One possible senario which might prove both interesting and valuable would
be to set up two tanks, one using Substrate Gold (you said that you've used
it in the past, maybe you have some left) and a second using this
pyrophyllite clay. Get a group of plants (hopefully, all from one source)
and take a representative sample and submit it to a lab for elemental
analysis (see Steve P.'s web-site for references) and then plant both tanks
with the rest of the plants. After about six months to a year, take similar
plant samples from both tanks and submit them for the same analysis to the
same lab. A comparison of the elements found in each of the samples coupled
with the growth patterns you observe in the individual tanks could prove
interesting to a lot of us.

As far as your water quality report, I suspect there might have been a
mistake made:

> Silica (as SiO2 ) 42.2 mg/l ; Color (whatever that means) 8.0mg/l

Are you sure that they report Color using mg/l? Color is usually reported in
T.C.U. (True Color Units). If your municipality is capable of making a
mistake like this, I'd suspect the rest of the numbers they report as well.
Toronto's water comes in at 1 TCU, and the provincial operational guidelines
for water suppliers calls for this parameter to remain under 5 TCU. But it
is not a healt related issue, merely aestetic.
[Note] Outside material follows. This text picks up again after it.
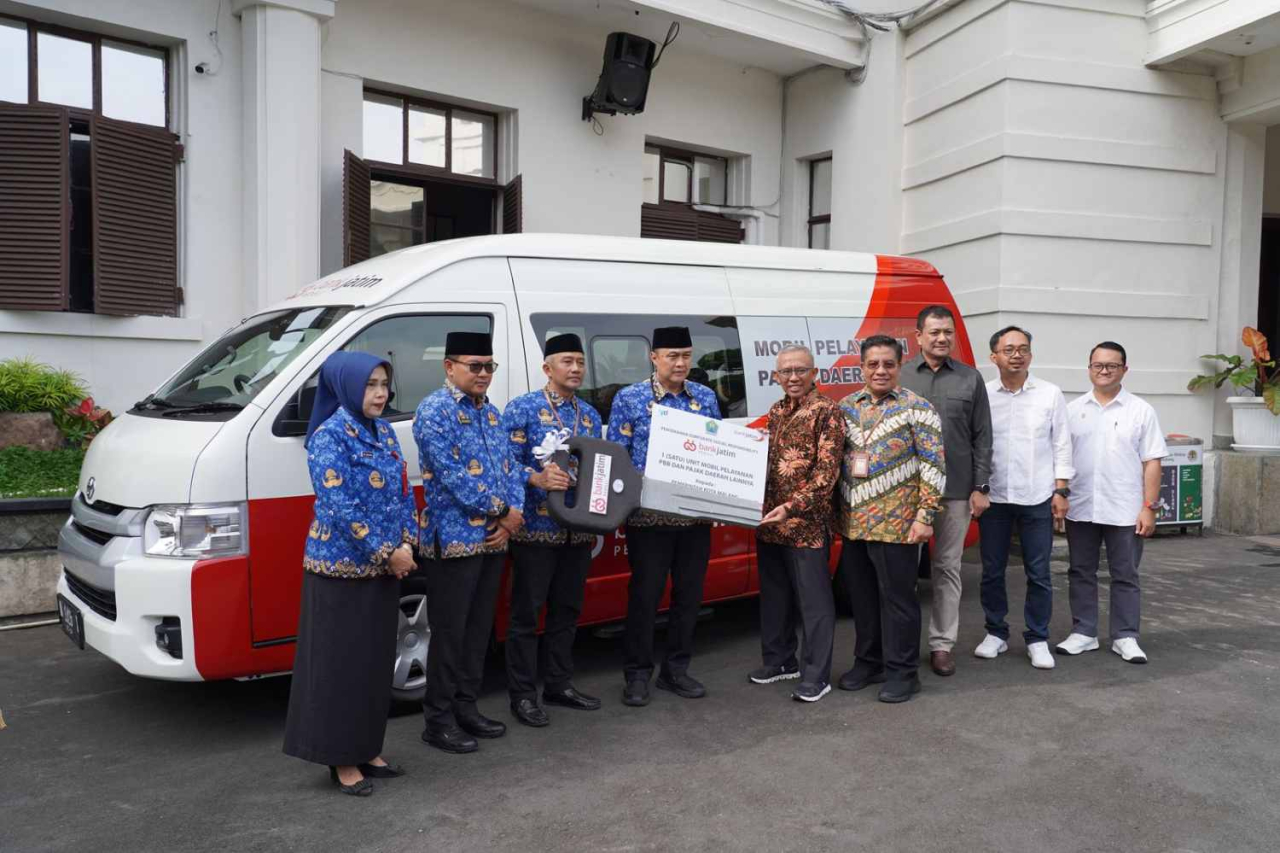 Penyerahan CSR mobil layanan pajak dari Bank Jatim untuk Pemkot Malang. Foto : BJTM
> Now, mind you, some folks on this list keep fish in their tanks for the
sake
> of providing food for the plants.  I, on the other hand am trying to grow
> plants to keep the nitrates and algae under control, and my fish a Amazon
> drainage soft-water critters.  This means I don't want to get too much Ca
or
> Mg or CO3 in my tanks, and I would like to keep conductivity down, which
may
> be difficult when providing for the needs of the plants.

If you are trying to create a blackwater biotope (or even a whitewater
biotope) as would be found in the Amazon Basin, why not just bite the bullet
and get yourself a R/O filter. That will strip pretty much everything out of
your source water and allow you to re-create it to match your ideals
exactly. Much simpler than in trying to deal with what you've got. But
remember that plants do need both Ca++ and Mg++. In nature, even though the
water column might be very deficient in these mineral ions, there is so much
water flowing past the plants that they can get enough for their needs. The
same does not necessarily follow in an aquarium, due to the difference in
scale. You might have to bump up the Ca++ and Mg++ in your tank in order to
obtain good plant growth. Many folks on the list report having to use extra
calcium carbonate to get good plant growth, even in moderately hard water.

I don't know how many submerged aquatic plants live in the typical
blackwater biotope in nature. Perhaps one of the folks who took the Amazon
Trip could report (on true aquatics, not on submerged terresterial plants).